Mali’s president Ibrahim Boubacar Keita on Monday confirmed that his government is in talks with jihadist insurgents, an option that had been long rejected even as conflict deepened in the West African country.

The disclosure comes as the Malian government said that it had dispatched troops to the key town of Kidal that has become a symbol of its lack of control over the country’s beleaguered north.

“The number of deaths in the Sahel is becoming exponential and it’s time that certain paths be explored,” Keita said in an interview with French media broadcast Monday, referring to a dialogue with militants.

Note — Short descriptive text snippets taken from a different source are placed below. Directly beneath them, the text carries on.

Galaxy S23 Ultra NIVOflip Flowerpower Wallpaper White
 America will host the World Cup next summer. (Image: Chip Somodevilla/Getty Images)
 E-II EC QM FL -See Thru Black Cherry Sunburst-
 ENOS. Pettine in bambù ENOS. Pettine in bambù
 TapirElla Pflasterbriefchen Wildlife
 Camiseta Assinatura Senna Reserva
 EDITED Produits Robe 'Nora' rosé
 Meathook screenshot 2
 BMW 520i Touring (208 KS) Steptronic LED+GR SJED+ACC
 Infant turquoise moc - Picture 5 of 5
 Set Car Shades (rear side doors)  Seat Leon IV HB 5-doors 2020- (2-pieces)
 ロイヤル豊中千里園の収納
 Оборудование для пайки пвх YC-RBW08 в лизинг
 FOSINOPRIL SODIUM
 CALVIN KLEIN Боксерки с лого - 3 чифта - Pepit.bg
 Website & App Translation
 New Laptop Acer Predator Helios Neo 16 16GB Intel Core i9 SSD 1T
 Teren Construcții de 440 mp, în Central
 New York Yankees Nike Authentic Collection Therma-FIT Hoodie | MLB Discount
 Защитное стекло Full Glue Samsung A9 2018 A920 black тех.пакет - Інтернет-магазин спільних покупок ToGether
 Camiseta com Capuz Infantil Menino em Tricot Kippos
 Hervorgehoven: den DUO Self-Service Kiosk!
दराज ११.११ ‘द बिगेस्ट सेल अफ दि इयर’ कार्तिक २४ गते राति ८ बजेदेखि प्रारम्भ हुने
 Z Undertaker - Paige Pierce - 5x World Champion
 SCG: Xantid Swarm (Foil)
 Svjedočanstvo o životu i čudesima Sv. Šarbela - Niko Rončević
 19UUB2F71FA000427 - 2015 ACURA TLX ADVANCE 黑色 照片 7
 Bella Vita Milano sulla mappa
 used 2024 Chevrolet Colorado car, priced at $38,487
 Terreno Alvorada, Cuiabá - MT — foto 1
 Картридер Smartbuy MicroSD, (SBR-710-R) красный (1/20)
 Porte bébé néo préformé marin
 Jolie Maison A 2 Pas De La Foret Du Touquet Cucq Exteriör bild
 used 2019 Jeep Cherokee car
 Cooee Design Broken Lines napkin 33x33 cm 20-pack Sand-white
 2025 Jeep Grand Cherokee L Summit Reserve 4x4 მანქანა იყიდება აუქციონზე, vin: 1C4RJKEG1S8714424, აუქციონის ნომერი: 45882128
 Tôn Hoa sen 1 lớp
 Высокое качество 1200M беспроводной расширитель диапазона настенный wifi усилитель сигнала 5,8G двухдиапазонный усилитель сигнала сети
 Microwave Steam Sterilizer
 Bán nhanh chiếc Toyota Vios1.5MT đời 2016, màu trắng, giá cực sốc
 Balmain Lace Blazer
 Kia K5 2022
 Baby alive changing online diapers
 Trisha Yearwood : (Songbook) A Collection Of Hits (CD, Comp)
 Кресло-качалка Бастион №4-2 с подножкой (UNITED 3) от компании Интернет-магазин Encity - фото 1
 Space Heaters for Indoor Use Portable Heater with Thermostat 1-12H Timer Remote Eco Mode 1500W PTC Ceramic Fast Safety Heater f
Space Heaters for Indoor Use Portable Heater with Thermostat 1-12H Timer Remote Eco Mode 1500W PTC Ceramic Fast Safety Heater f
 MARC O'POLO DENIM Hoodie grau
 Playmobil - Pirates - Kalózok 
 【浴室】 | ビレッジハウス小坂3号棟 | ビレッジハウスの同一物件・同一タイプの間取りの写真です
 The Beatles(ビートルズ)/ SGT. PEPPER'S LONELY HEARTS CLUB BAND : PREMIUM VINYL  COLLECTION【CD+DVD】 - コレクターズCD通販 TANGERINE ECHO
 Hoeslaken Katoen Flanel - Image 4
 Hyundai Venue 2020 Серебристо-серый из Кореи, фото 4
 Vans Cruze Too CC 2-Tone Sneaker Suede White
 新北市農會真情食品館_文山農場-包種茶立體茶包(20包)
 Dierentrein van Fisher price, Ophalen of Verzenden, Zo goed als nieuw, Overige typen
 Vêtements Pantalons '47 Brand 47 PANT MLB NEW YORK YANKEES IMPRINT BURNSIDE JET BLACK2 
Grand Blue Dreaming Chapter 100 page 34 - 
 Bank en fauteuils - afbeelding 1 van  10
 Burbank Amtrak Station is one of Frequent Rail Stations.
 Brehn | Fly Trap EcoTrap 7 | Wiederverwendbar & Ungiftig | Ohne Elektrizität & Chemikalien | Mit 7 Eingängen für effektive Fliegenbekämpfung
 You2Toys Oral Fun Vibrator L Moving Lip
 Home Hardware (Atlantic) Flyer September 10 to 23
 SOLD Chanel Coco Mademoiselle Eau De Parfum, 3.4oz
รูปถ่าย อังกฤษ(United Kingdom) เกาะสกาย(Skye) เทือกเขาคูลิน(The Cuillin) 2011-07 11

Mali has struggled to contain a jihadist revolt that broke out in north of the country in 2012 and which has killed thousands of military and civilian lives.

Despite the presence of foreign troops, the conflict has also since spread to central Mali, as well as neighbouring Burkina Faso and Niger, inflaming ethnic tensions along the way.

Negotiating with extremists

But despite rising violence, dialogue with jihadist leaders such as Amadou Koufa and Iyad Ag Ghali has long been considered beyond the pale for the government in Bamako.

It had been suggested before. The International Crisis Group urged the government in May last year to open a dialogue with jihadists.

And earlier, in 2017, a national conference gathering of Keita’s party and opposition parties urged holding direct talks with jihadists as a way out of the crisis.

But the government did not follow up on those recommendations at the time.

In the interview, Keita appeared to have changed course on past refusals to engage jihadists.

“We are ready to build bridges for dialogue with everyone… at some point, we have to sit around a table and talk,” he said.

He added that he had sent former president Dioncounda Traore “on a mission” to find people who “could be sensitive to a discourse of reason”.

Traore is the government’s representative in central Mali, a region that has become an epicentre for jihadist attacks.

He appears to have already made earnest efforts. Late last month, Traore said that he had sent envoys to both Koufa and Ag Ghali, the leading jihadists in Mali.

“He is my high representative, so his job is to listen to everybody,” Keita said.

Beyond talks

The president nonetheless noted that he was “not naive” about the likelihood of success.

“Those who order others to enter a mosque and blow themselves up in the middle of the faithful don’t have much of my esteem,” he said.

On Monday, Keita also announced that troops were en route towards the northern town of Kidal, which fell to Tuareg rebels in 2012.

The move is considered a step towards the government reasserting control over its vast and often lawless territory.

It is also a key component of a long-shaky 2015 peace accord between the Bamako government and some rebel groups, whose success is seen as one of the few ways to end the conflict.

Among other things, the pact provided for former rebels joining the army, which would eventually return north.

Troops made up of army regulars and former rebels have left the northern city of Gao and are now travelling roughly 200 kilometres (120 miles) north to reach Kidal, in a journey that will take several days.

The route is fraught with danger, Keita said, as Malian soldiers are regularly killed in jihadist ambushes or in roadside bomb attacks.

Other so-called “reconstituted” units of regulars and ex-rebels are expected to deploy in northern Malian cities such as Menaka, Gao and Timbuktu, after the soldiers reach Kidal.

The policy has caused tensions, however.

Mali’s neighbouring governments are often wary of a rapprochement with former rebels, whom they suspect of cooperating with jihadists.

Last week, a senior officer in a pro-government Arab armed group who was involved in implementing the 2015 peace deal was gunned down by unidentified assailants not far from Gao.